No, what was really bad was that the first impression is that the company basically wrote off next year entirely. They projected earnings of well under half this year's earnings (in a pretty wide range of 37-52 cents/share, following this year's expected $1.02 a share minimum), saying that licensing and toys revenue will likely be difficult next year.

I expect a large part of the reason for that is that we'll be in a long lull between Spiderman movies, and Spiderman is inarguably the king of the licensing roost -- but still, projecting this kind of dismal earnings for a year in which they're releasing two movies that have pretty high expectations (Ghost Rider with Nicholas Cage, and X-Men 3) seems very unsettling.

Peter Cuneo made it clear in this morning's conference call: "our toy forecasts, frankly, are very low for '06"

What else did we learn from the call?

F4 licensing income is going to be worse than originally expected. Other licensing was frontloaded into this year as they extended or renewed more than usual, especially the video game agreement (with Microsoft? They'll release details on that very soon) which brought in $50 million this year in earnings but should bring in actual cash flow annually. That tradeoff between the video game agreement and F4 licensing is why they made their numbers this quarter and will do so this year.

That also means that cash flow is expected to be much better than earnings next year, according to the call -- $70 million, versus a projected $38-53 million in net income.

Marvel has also authorized a big repurchase in common stock, but they're borrowing to do this.
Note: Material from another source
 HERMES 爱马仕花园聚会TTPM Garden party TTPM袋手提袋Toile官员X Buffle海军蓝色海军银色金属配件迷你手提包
That is a significant commitment to the long-term potential and they certainly believe that this will be immediately accretive to EPS, and I tend to agree with that assessment, but it does concern me a little that they're adding debt to do this repurchase given the substantial debt they're already taking on to produce their own films in 2008 and beyond. Definitely something to keep an eye on.

The key reaction I got from the conference call was "very defensive". Defensive about the potential income from next year's movies, extremely defensive about toy and other licensing income. They seem to be incorporating some extremely pessimistic assumptions about consumers going forward, as well as some extremely conservative projections of the popularity of the X-Men 3 and Ghost Rider toys.

Changes are definitely afoot for Marvel, but they're going to take a few years to develop. The toy license is up for renewal at the end of 2006 -- which means that 2007 will bring some significant changes to one third of Marvel's business, and with the 2008 movies having more significant impact on the bottom line their could be some really dramatic changes to the way we think about Marvel in the coming years.

Avi Arad, head of Marvel Studios, was not very specific in the call but did say that current licensed films are moving forward well (including F4-2 and Spiderman 3), and they are going full speed ahead with the slate of self-produced films for 2008 but will wait to see which looks most promising for first release as scripts and talent are identified.

So what do I do with these MVL shares? I still think their self-produced films can be a huge boost to income, and I still think their slate of films over the next two years should drive better toy and licensing revenue than they're expecting. I appreciate that they have lowballed the projections because they want to be very conservative, but I hope they're aiming high while guiding low.

I'm going to hold the shares that are now sitting at a small loss, and if the market accepts their projections about 2006 performance and continues to beat the stock down, I'll have to reassess and see whether I think buying more shares makes sense. I see at least one blockbuster hit in each of the next two years (Xmen 3 and Spiderman 3) which I think will help drive licensing performance higher, and I'm hoping that the toy problems they've had this year can be resolved and the segment performance will improve. The downside seems awfully limited to me, I see no reason to sell.